NHK-FM マイ・セレクション('87.8.24)

  • (『路地裏の少年』が終わって)・・・・

    1976年の春に出たアルバム『生まれたところを遠く離れて』から 『路地裏の少年』でした。
    このアルバムが出た時は僕はもう23歳で。
      さて、次のアルバムはだから当然1977年、24歳になっていたわけですが、 『ラブ・トレイン』というアルバムを作りました。
    なんか、久々に、なんか敬語でしゃべるから、なんかいつもは 「お前よー」とか言っているのに、「なりました」とか言っているから、なんか舌が、えー、うまく回りませんが・・・。

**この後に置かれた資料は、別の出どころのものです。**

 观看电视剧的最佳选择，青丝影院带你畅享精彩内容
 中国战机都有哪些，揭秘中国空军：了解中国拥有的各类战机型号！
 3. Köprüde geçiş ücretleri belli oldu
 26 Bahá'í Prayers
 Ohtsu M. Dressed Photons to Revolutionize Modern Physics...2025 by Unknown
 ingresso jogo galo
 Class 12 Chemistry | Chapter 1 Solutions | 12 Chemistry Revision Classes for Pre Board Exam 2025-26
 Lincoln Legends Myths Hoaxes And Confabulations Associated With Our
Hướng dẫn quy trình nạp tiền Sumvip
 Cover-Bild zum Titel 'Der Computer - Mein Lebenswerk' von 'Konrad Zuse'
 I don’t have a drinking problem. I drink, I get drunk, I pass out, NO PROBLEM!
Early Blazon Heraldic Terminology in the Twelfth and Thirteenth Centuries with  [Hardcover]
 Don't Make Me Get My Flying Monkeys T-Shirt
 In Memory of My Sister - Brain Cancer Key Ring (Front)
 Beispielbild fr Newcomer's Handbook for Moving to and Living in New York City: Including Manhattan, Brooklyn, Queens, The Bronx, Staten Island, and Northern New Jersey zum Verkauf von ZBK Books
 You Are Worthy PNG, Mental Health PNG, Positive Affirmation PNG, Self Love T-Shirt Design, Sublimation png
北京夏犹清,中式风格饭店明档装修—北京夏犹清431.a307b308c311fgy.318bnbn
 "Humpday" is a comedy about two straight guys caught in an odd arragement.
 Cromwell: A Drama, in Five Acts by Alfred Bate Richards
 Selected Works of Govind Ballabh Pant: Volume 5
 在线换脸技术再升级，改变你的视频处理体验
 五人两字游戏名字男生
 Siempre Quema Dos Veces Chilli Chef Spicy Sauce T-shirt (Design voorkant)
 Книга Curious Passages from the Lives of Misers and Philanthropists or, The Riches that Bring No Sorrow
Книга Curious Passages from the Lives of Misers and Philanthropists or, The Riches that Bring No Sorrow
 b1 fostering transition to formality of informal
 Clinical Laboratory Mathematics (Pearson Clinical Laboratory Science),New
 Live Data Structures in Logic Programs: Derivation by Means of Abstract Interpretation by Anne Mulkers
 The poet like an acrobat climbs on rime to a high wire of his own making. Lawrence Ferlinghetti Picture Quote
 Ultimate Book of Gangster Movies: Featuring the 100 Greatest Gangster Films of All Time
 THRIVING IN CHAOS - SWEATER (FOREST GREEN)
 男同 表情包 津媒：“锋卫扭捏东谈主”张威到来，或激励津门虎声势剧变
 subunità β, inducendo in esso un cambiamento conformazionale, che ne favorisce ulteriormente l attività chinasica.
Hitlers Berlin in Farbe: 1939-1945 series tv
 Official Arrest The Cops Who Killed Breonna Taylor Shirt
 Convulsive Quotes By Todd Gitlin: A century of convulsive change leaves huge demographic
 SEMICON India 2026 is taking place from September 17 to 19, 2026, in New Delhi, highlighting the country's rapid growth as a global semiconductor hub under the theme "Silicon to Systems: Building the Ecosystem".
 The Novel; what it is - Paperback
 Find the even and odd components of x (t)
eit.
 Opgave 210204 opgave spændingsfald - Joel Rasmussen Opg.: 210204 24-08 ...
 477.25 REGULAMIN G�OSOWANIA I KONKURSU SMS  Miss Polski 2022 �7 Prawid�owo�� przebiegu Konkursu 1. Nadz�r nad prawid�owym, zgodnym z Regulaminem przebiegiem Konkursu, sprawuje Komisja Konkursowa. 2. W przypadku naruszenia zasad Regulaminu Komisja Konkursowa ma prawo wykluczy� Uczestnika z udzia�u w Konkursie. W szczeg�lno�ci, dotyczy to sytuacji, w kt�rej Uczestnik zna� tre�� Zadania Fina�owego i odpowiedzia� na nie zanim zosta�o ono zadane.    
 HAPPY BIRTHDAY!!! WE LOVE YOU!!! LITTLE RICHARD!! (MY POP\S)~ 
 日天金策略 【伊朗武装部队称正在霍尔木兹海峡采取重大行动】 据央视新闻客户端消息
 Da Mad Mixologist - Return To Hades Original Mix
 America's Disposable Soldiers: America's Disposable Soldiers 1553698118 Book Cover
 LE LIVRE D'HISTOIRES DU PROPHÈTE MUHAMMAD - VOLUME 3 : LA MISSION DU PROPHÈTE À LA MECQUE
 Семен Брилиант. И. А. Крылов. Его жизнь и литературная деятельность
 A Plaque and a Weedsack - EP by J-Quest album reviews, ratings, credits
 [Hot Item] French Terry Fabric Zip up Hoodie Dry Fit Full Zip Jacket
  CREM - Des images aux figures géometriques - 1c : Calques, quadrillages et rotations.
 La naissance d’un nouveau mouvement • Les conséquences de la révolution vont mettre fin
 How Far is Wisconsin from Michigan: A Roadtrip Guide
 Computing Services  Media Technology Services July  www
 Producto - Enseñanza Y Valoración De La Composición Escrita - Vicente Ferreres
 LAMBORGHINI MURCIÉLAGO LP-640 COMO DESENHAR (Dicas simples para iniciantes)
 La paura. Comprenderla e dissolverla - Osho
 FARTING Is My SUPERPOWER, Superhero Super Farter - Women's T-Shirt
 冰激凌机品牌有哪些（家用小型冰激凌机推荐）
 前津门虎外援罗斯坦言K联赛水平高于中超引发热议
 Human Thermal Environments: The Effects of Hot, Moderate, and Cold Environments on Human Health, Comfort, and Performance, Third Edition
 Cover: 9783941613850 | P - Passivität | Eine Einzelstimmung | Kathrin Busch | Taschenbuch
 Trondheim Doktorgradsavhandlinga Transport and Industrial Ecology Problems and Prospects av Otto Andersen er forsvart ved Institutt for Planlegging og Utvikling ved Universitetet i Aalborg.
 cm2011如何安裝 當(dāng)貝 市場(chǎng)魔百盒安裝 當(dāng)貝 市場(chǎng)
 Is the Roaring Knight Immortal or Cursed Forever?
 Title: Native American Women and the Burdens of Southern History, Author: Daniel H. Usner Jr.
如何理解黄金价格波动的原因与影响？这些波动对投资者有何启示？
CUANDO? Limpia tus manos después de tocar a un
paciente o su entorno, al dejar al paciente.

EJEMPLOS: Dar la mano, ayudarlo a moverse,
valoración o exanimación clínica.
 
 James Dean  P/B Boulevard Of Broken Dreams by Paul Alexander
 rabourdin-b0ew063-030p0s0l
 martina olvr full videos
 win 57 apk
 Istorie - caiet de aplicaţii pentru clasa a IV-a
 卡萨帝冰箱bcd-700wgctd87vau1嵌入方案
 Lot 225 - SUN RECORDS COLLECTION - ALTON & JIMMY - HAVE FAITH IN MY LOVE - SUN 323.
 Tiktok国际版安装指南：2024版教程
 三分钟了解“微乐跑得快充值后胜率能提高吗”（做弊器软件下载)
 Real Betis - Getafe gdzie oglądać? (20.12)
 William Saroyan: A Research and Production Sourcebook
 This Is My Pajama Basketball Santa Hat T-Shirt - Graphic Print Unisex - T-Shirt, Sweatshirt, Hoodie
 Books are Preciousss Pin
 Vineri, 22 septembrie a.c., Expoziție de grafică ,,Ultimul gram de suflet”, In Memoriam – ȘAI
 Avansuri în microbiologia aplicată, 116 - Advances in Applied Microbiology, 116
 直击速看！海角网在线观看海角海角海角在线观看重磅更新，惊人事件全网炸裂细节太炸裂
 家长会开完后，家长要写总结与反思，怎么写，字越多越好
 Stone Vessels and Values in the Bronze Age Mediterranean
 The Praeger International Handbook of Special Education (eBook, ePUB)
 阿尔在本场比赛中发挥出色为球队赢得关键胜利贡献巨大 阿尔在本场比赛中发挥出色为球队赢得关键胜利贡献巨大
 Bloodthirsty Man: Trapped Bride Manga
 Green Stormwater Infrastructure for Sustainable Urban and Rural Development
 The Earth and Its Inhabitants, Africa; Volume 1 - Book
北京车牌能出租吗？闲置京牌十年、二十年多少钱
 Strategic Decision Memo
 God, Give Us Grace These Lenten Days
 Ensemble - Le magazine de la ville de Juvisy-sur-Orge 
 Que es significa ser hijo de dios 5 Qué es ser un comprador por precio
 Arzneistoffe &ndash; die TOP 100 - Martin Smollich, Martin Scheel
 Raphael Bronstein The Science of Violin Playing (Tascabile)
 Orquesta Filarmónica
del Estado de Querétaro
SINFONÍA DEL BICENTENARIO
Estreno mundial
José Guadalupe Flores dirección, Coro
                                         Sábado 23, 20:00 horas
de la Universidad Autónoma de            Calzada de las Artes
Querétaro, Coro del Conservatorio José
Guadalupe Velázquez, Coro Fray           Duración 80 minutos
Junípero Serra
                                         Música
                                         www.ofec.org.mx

     えー、『ラブ・トレイン』を作ってー、コンサートをやった頃はまだやはりバンドもなくって・・・。
    『愛奴』というグループが解散して、今ずっと一緒にやっている、えー町支君と二人でライブハウスをまだ生ギターで回っていたんだけど・・・。
    当時やっぱりねぇ、あのー、ほんとに、売れていない。
    だからどっかライブハウスに行くといっても経費が出ないっていうんで、マネージャーが一人付いて俺が一人行くか、一緒に生ギター・バッキング、て形で町支君が来るか。
    二人分の予算が無い、ていうんでねぇ。えー、町支君がマネージャー兼バッキング・ギタリストをやってた、ていうのは結構長くて・・・。
     
    例えばラジオ局に行って町支くんが、
    「浜田のマネージャーの町支です。」
    とか言ってねぇ、ギャラをもらって、領収書を書いた後、自分がギターを出して、俺のバックでコーラスとギターを弾く、という寂しい状況があってねぇ、
    俺が声が出なくなると彼が駆けずり回って、あのー、針の医者を探してくれたりねぇ。
    本当にあの頃から長く二人でよく頑張っているなぁ、と思います。
    その頃はまだねぇ、あのー、環状七号線って東京にあるんですが、道路がね。
    もう、最も空気が悪い一帯と言われているんだけど、そこの世田谷代田っていう所に住んでて、もう、窓の下がすぐ環七でねぇ。
    四畳半のやっぱり部屋で、当時、まだ結婚していませんで、後に結婚する私の家内と一緒に、同棲生活というやつを4,5年やっていました。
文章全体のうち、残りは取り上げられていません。